* _Work request_:
Copy exactly, no pictures: every line from the one that contains "vCard 79033700309" through the end of the entries below.

╔══

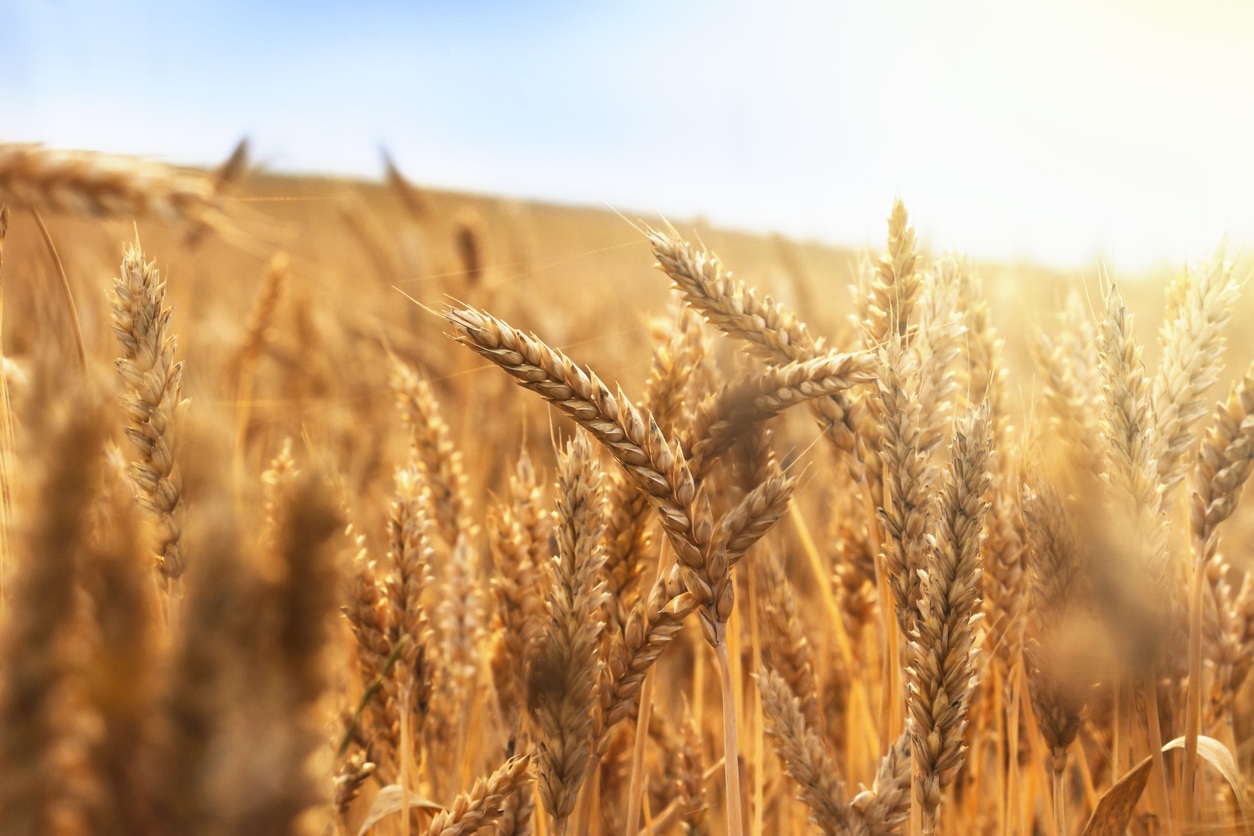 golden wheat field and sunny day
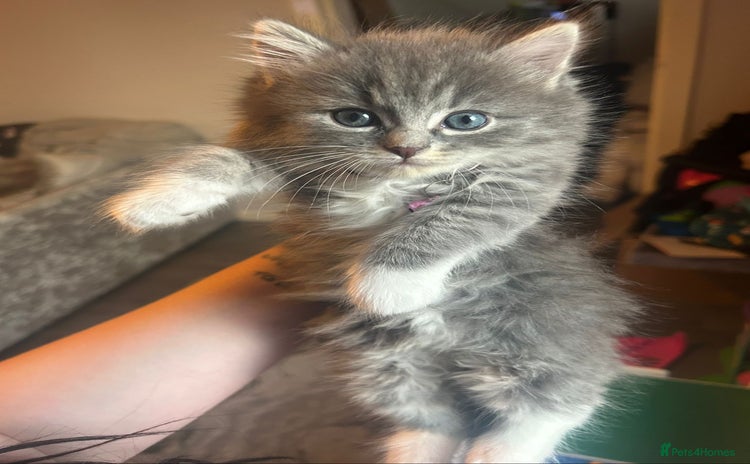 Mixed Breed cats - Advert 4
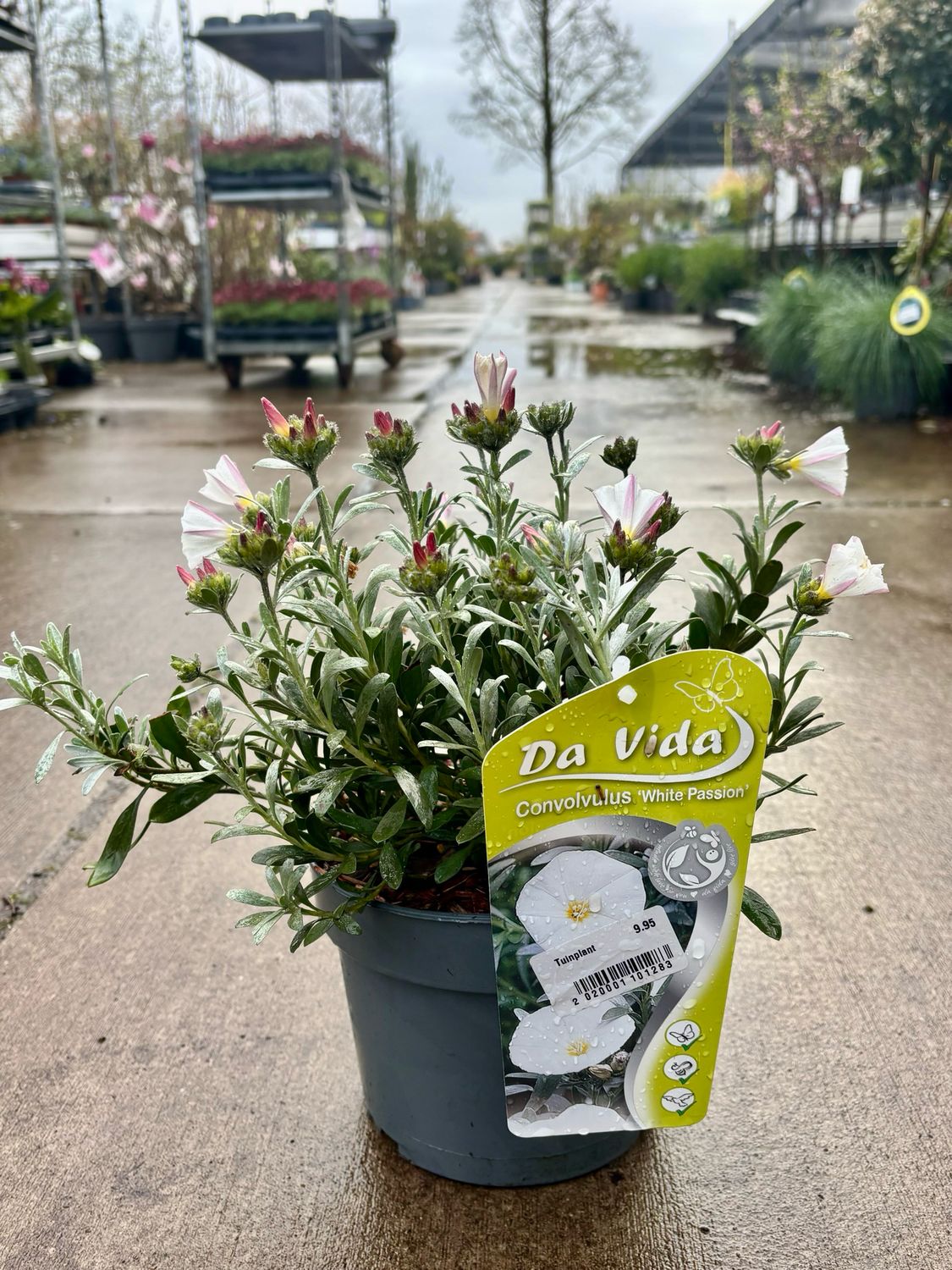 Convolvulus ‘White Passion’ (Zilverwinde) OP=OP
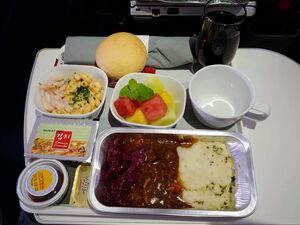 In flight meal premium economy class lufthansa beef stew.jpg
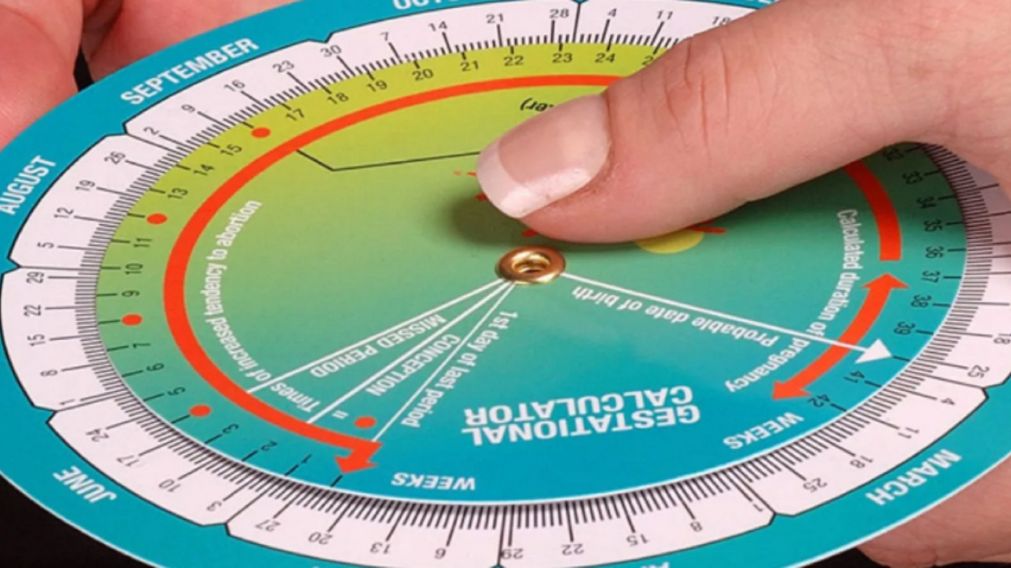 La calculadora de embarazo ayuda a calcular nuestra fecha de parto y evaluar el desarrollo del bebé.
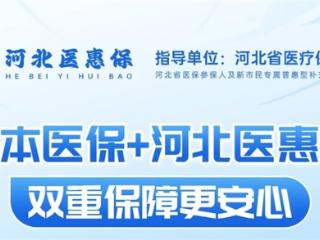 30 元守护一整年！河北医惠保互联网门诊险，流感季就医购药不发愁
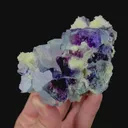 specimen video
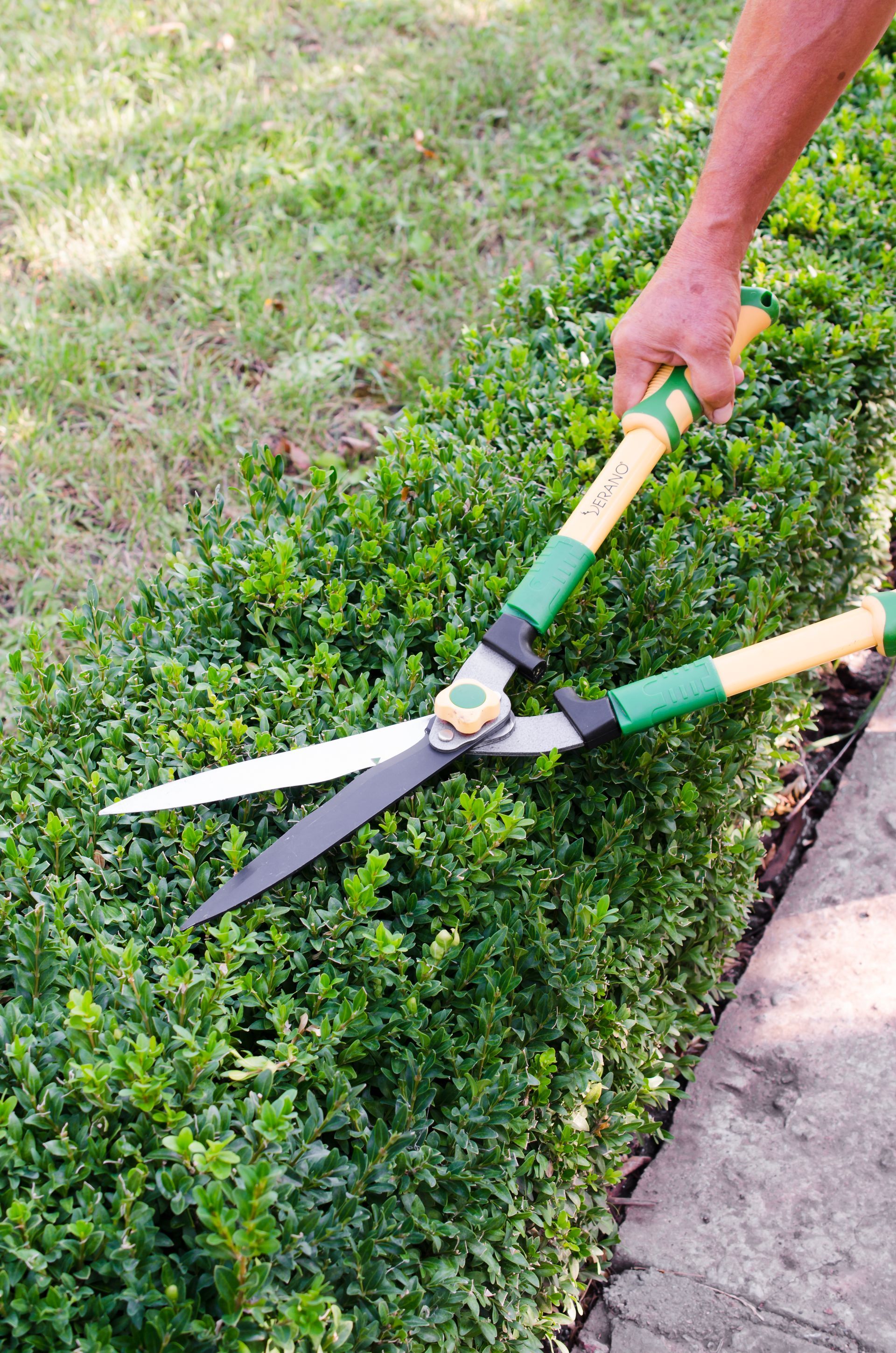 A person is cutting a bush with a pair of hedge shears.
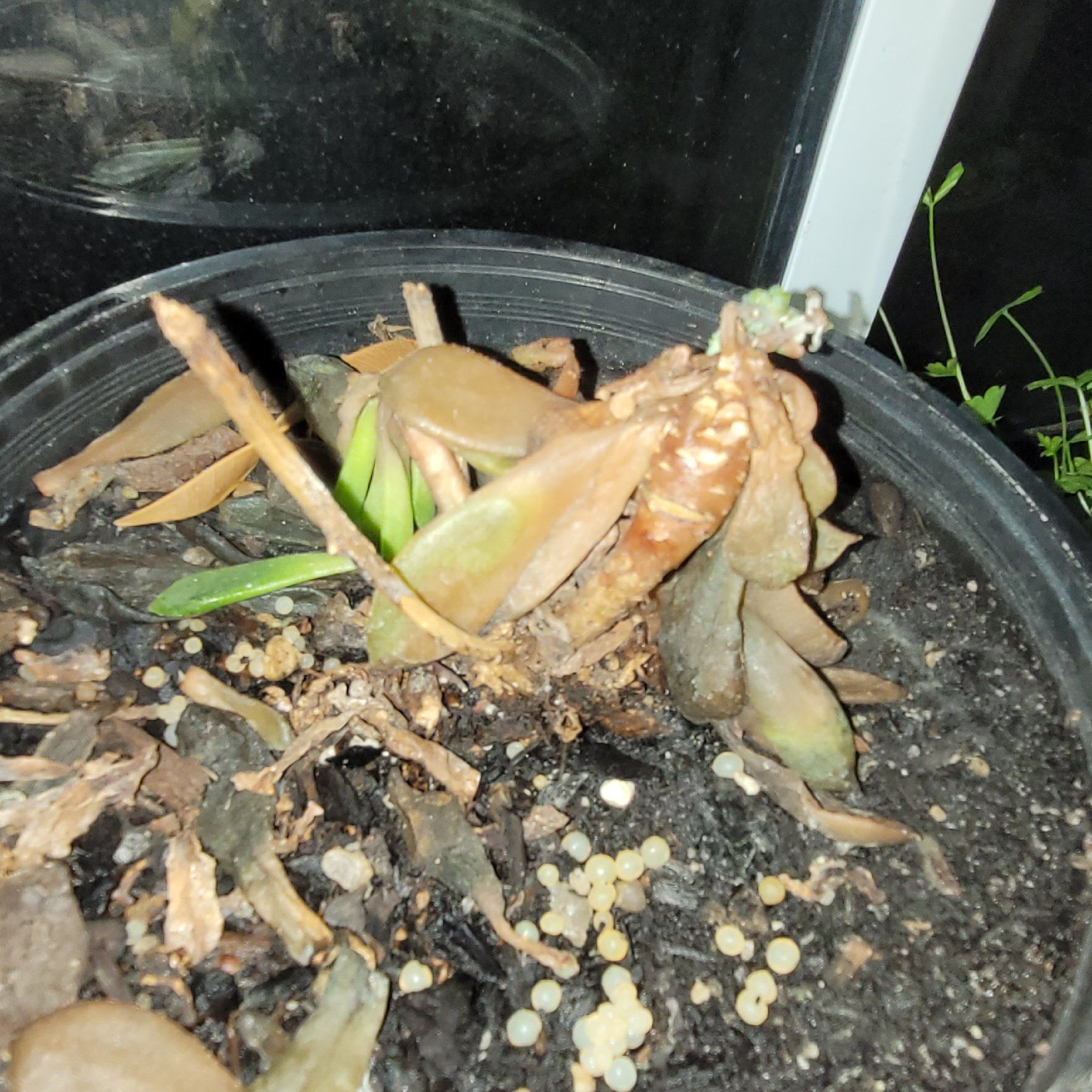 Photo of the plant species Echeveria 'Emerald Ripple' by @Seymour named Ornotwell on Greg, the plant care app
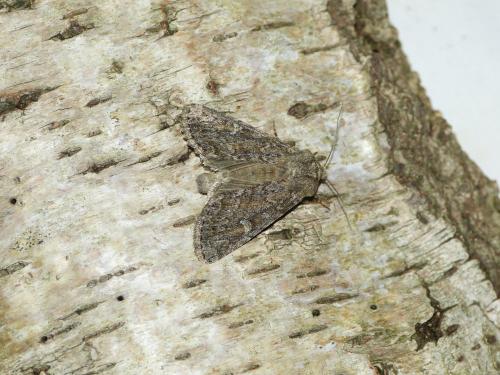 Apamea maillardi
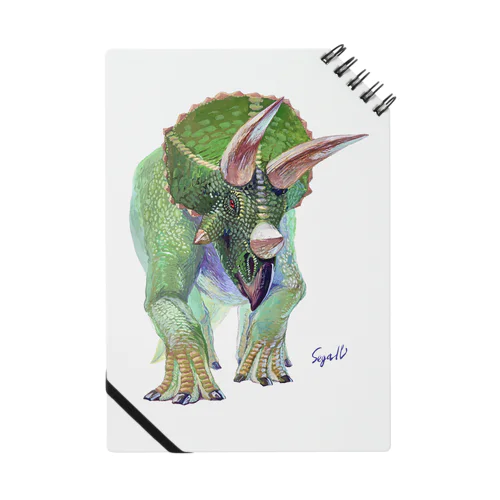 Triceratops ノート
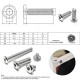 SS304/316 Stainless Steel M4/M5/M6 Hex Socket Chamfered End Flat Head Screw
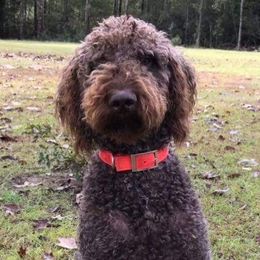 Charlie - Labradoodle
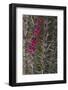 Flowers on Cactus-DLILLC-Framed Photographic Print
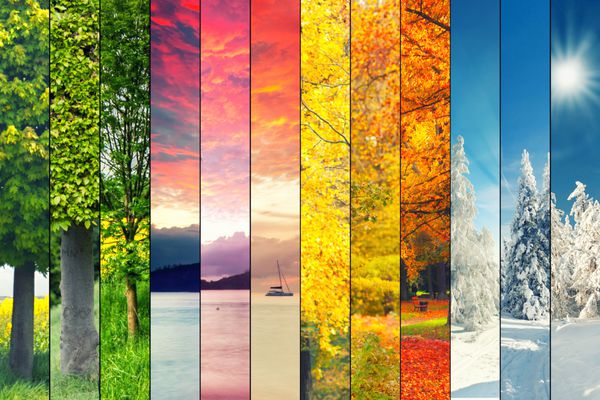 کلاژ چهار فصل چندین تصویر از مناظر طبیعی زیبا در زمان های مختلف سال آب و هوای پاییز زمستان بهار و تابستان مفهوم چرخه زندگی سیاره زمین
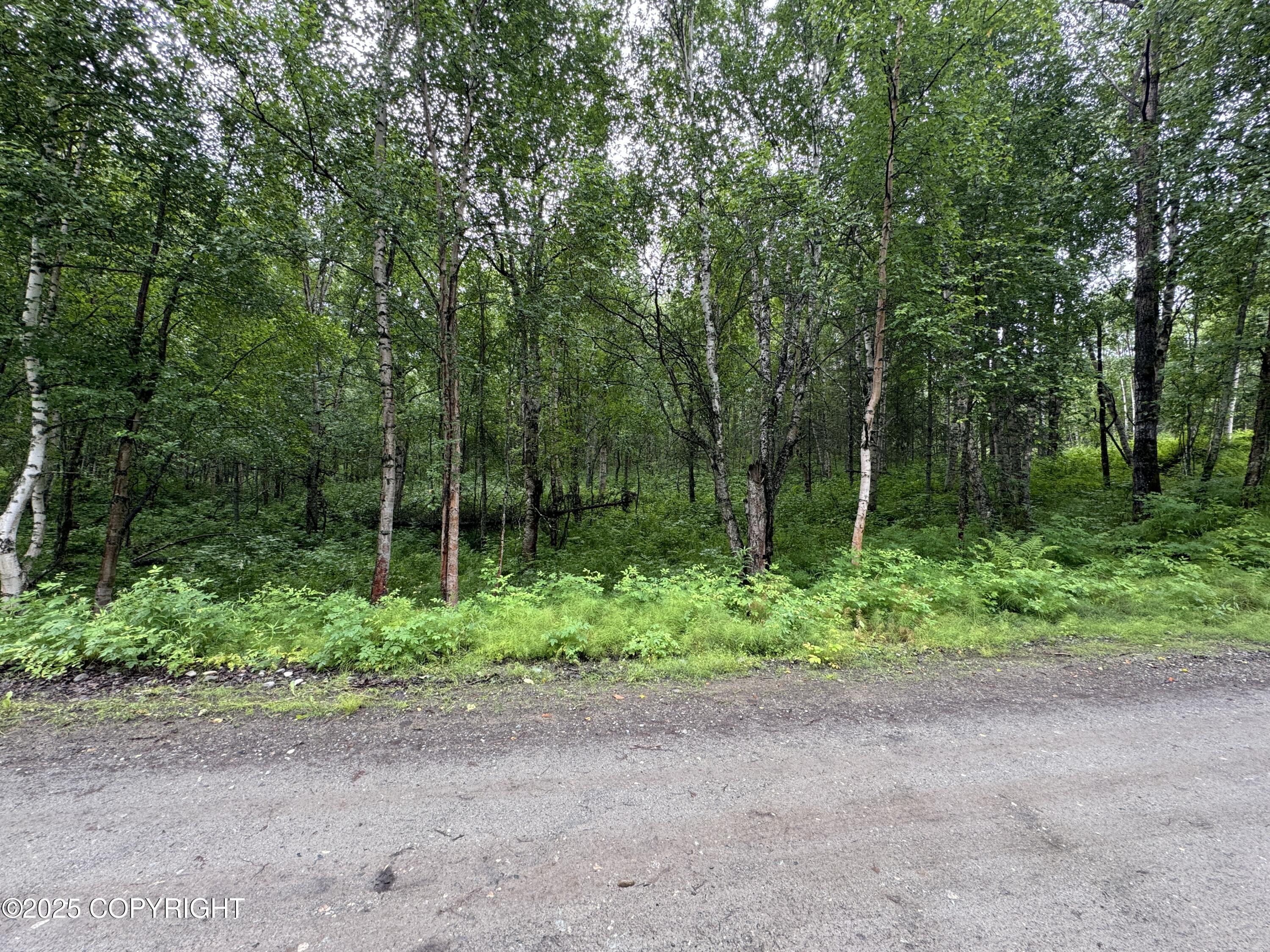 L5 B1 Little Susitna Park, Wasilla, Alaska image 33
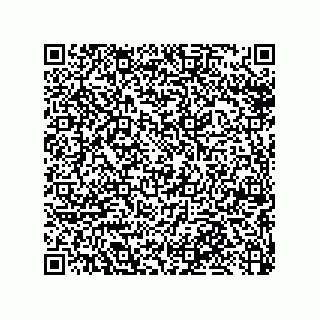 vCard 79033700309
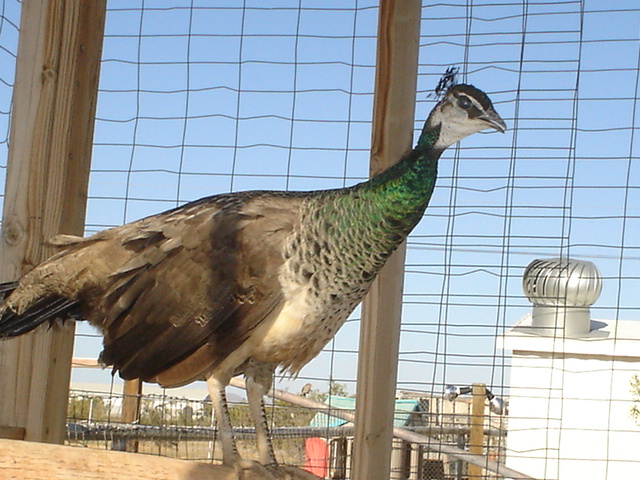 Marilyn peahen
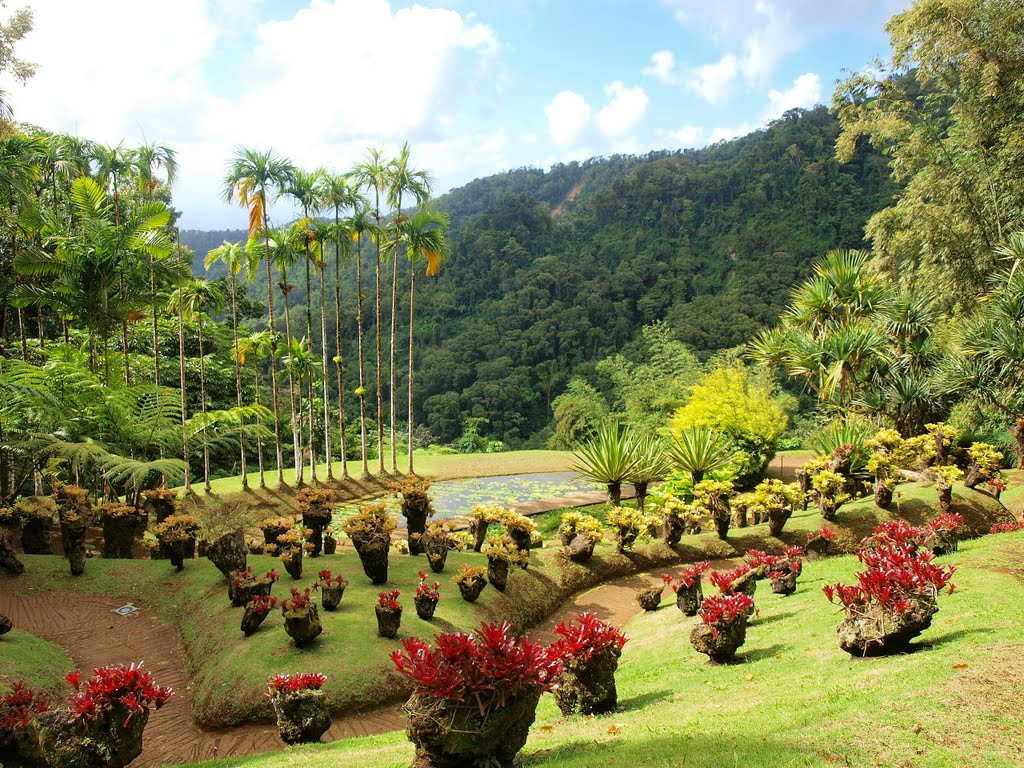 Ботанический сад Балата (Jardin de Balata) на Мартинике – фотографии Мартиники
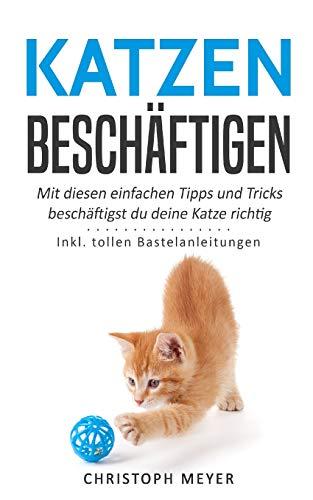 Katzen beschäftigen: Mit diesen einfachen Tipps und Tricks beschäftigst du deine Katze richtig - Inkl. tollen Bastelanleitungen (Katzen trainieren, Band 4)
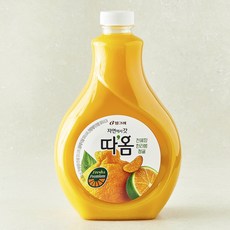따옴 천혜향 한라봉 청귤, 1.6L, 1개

╚══

* _Answer space_:
 vCard 79033700309
 Marilyn peahen
 Ботанический сад Балата (Jardin de Balata) на Мартинике – фотографии Мартиники
 Katzen beschäftigen: Mit diesen einfachen Tipps und Tricks beschäftigst du deine Katze richtig - Inkl. tollen Bastelanleitungen (Katzen trainieren, Band 4)
따옴 천혜향 한라봉 청귤, 1.6L, 1개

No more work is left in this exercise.